The latest from Kee Avil finds the Montréal producer exploring wide open spaces, decorating them with closely-miked field recordings and breathily diaristic recantations, finds Jon Buckland

Within Spine’s forty minute run-time, Kee Avil scampers across myriad references points from a broad array of modern musical masters. There’s the quiet exploration of Keeley Forsyth, Coil’s unsettling esotericism, and Lucrecia Dalt’s sensuality. We get creaking sounds akin to Gazelle Twin’s straining electronics, the delicate leanings of HTRK, Ronce-like ASMR, elements of Björk’s vulnerability, and, impressively, she hops between these various styles and approaches, whilst restricting herself to just four sound sources per song.

The hypnotic, droning guitar of album opener ‘Felt’ is played in an almost percussive manner. In a way where tone, tempo, and feeling are more important than precision. It’s reminiscent, in that respect, to Richard Dawson’s fretboard work on Nothing Important. It’s folk music within its own tradition. An expressive melding of voice and guitar.

Spine simmers, sashaying close to eruption and, whilst the sounds may alter track to track – there’s squelching, rummaging, foley recordings, digital drums, burning distortion clouds, pulsing bass, and vibrating notes fizzing against one another – the ever-present backbone of the album, linking all the pieces together, is Avil’s voice.

Her vocals bring forth further Gazelle Twin comparisons but, where Elizabeth Bernholz might let rip with a scream that could curdle tears, Avil is more reserved. There is power behind her outpourings, yet these are rarely emitted with full blown gusto. It feels, instead, like she is holding back. Keeping something for herself as she twists and twirls in her softly restrained style. A style that encourages her listeners to lean in, to listen closer.

Penultimate track ‘under’ finds her voice reduced to little more than air scraping through her larynx and there’s a fragile intimacy to the refrain of ‘do this again’: “You swore we’d never do this again and again and again”. It’s sultry regret, riding a tense rising cadence that grows increasingly frantic to meet the rhythm of her vocal’s plosives. On ‘the iris dry’ she whispers, “a truth so great my mind’s eye cries”, the words drooling out as if from a chemically nodding head. Sounds worm around like squeezed gel.
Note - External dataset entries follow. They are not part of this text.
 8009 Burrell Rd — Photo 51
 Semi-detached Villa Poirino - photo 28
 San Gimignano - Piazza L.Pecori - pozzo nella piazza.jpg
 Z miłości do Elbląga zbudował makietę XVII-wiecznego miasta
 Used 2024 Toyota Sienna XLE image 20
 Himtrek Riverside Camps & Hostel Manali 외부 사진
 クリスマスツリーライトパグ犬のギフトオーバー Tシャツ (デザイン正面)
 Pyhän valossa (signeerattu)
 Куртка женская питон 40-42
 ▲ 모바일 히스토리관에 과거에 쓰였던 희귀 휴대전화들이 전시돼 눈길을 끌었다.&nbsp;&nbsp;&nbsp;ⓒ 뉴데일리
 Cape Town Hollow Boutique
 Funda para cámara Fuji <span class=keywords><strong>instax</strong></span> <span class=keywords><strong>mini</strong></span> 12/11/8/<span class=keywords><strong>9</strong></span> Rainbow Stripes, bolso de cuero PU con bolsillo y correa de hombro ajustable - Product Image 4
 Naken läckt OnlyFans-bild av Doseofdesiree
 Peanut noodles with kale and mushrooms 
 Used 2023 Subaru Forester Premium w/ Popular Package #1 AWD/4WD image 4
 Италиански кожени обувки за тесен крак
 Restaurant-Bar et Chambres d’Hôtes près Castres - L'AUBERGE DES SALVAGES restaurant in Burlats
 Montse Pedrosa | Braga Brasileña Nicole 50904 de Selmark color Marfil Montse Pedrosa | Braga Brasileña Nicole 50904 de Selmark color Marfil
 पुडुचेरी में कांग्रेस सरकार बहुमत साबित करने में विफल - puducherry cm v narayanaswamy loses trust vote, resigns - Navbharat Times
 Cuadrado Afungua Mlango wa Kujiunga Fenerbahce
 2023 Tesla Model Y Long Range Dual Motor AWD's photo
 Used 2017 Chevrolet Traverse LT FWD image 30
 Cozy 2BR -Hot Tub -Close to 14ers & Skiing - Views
It’s an inviting tapestry that sounds enticing from speakers and even more fascinating through headphones.

With cans strapped to your ears, you feel as if you’ve been allowed a clandestine peek into Avil’s private journal but the ambiguous way she writes only compounds the uncertainty, spreading further clouds of mystery out across those vast, sonically-sparkling vistas.